~デジタル田園都市国家構想の実例紹介 第1回~
南海トラフ巨大地震に備える! 年間300万人の観光客が訪れる
和歌山県白浜町が目指す観光防災マップとは
和歌山県南部に位置する白浜町は温泉と石英砂の海岸で知られ、面積約200㎢、人口2万人ほどの町に年間300万人の観光客が訪れるリゾートタウンです。他県にある白浜と区別するため、紀伊半島や旧紀伊国の南を意味する「南紀」を冠して「南紀白浜」と呼ばれることもあります。
海岸線に面しており、南海トラフ巨大地震の津波被害想定エリアに入る白浜町が取り組む観光防災マップについて、白浜町役場 総務課企画政策係 鎌谷 隆志さんにお話しを伺いました。
【自分が観光地を訪れた時に、わざわざ防災マップを確認するだろうか?】
―自治体が作る防災マップで、対象が観光客というのは珍しい事例だと思いますが、観光防災マップを制作するに至った経緯を教えてください。
白浜町は年間300万人が訪れる観光の町で、海岸線に面しています。近年、南海トラフ巨大地震発生が想定される中、白浜町は津波浸水被害の想定エリアに入ります。町としては住民の安全は当然ですが、有事の際に観光客の安全についての課題が常にあります。
防災マップを用意するとなった時に、自分が他の観光地へ行った場合、果たして防災マップを見るだろうか? と考えました。私自身も含めてほとんどの方がまず遊ぶ場所や食べる場所を調べると思います。
―言われてみると、確かに旅行先でいちいち防災マップを確認しません。
よほど意識をしていないと防災マップを見ることはありませんし、災害が起こった場合などは気持ちに余裕がありませんので、土地勘が無い場所で紙やPDFの地図を見ても、自分がいる場所は危険なのか、どの方向に逃げればいいのか、一時避難場所はどこなのかわからないと思います。
観光防災マップの詳細な仕様については構築段階ですが、観光地の情報と、津波の浸水ハザードの浸水具合を重ねられるようにしてほしいという希望を出して発注しています。

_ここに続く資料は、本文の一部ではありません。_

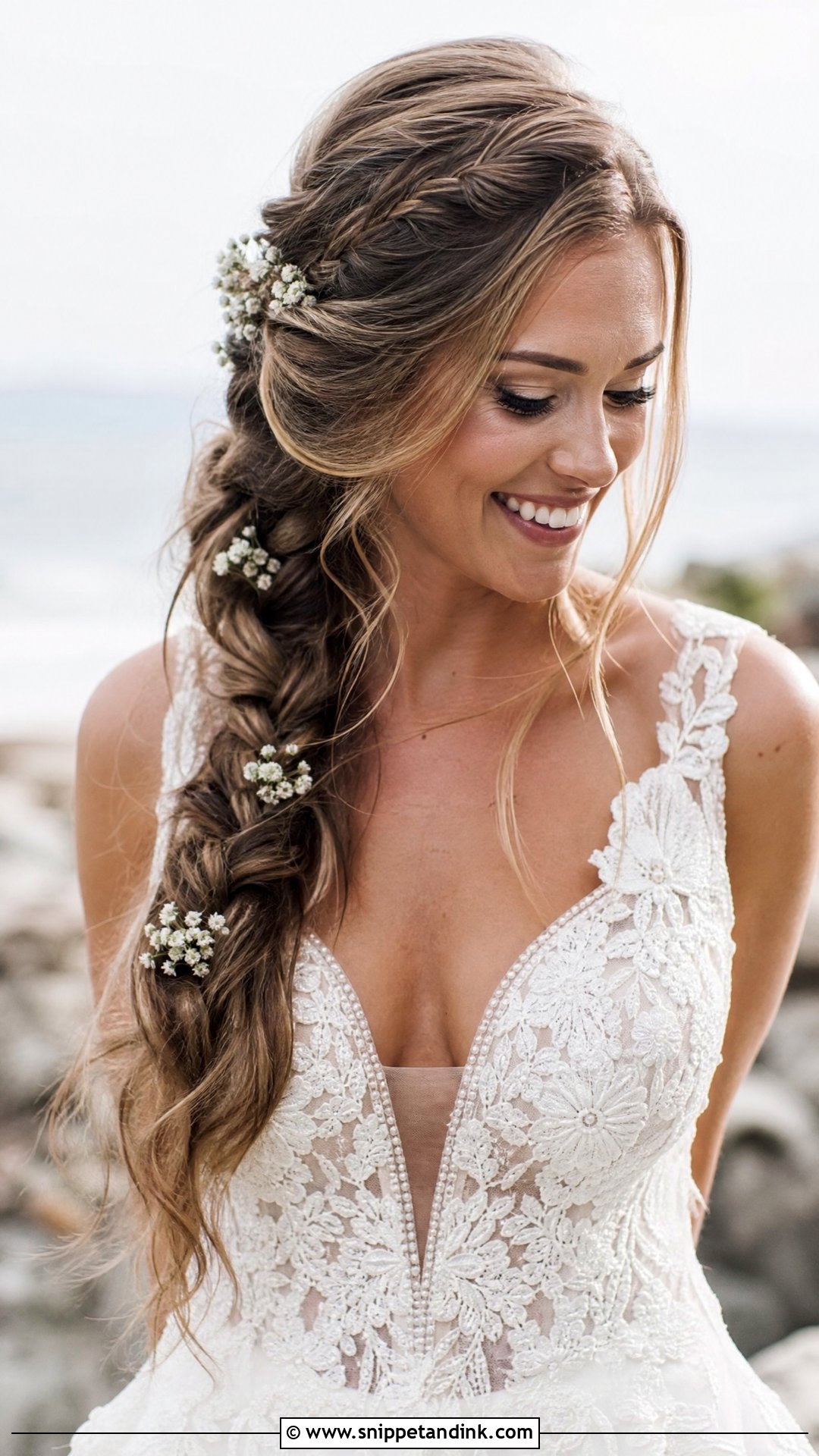 Open Hair with Side Braid - Snippet and Ink - 20 Open Hair Bridal Hairstyles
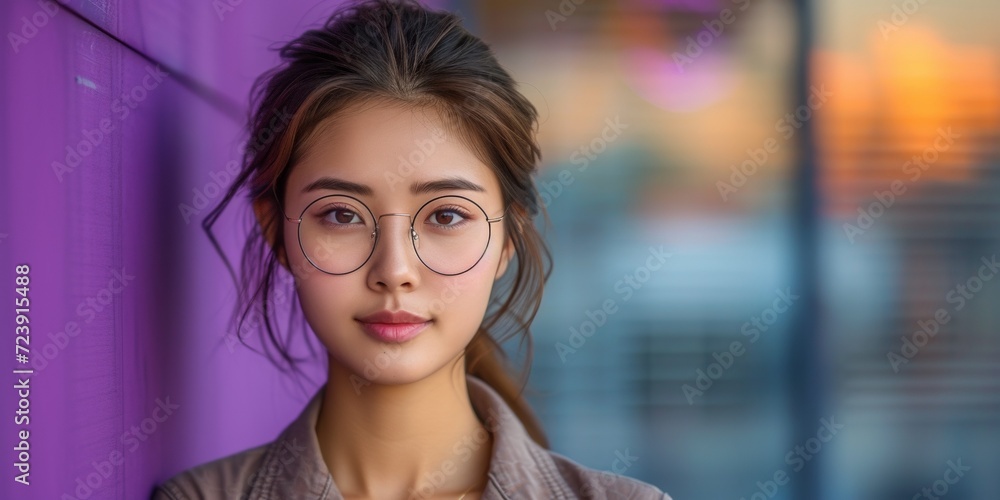 Obraz premium Stylish young woman wearing sunglasses showing modern fashion and elegance in close-up portrait.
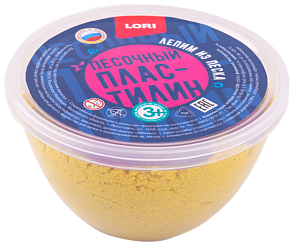 Пластилин песочный с формочкой Желтый, 250 г (Lori, Пп-003-no)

例えばレイヤーで通常は観光マップが表示されますが、[防災]の表示を押すと防災マップになり、「現在地は浸水想定エリアかどうか」「どちらの方角に浸水想定エリアではない場所があるか」がわかる地図が表示される仕組みを予定しています。
浸水エリアや避難場所などが可視化されることにより土地勘がなくてもスムーズに初期避難できるようなマップを作りたい、ということが発端でした。
また、アプリをダウンロードして使う仕様にはしません。旅行先のマップアプリをいちいちダウンロードするのは面倒ですし、災害時にダウンロードしなければ使えないとなると、そのひと手間をかけることで避難が遅れてしまいます。WebサイトもしくはWebアプリになるように発注しています。
― それではデジタル田園都市国家構想の申請はまさにうってつけだったのですね。
デジタル田園都市国家構想の骨格が示された時から3Dマップなどを観光や防災に活かせないかとの漠然とした構想はありましたが、具体化されていない段階でデジタル田園都市国家構想推進交付金の案内が来たといった状況でした。町として交付金を申請するとの判断となり、その時点から具体的な構成を行いましたので、かなりタイトなスケジュール感でした。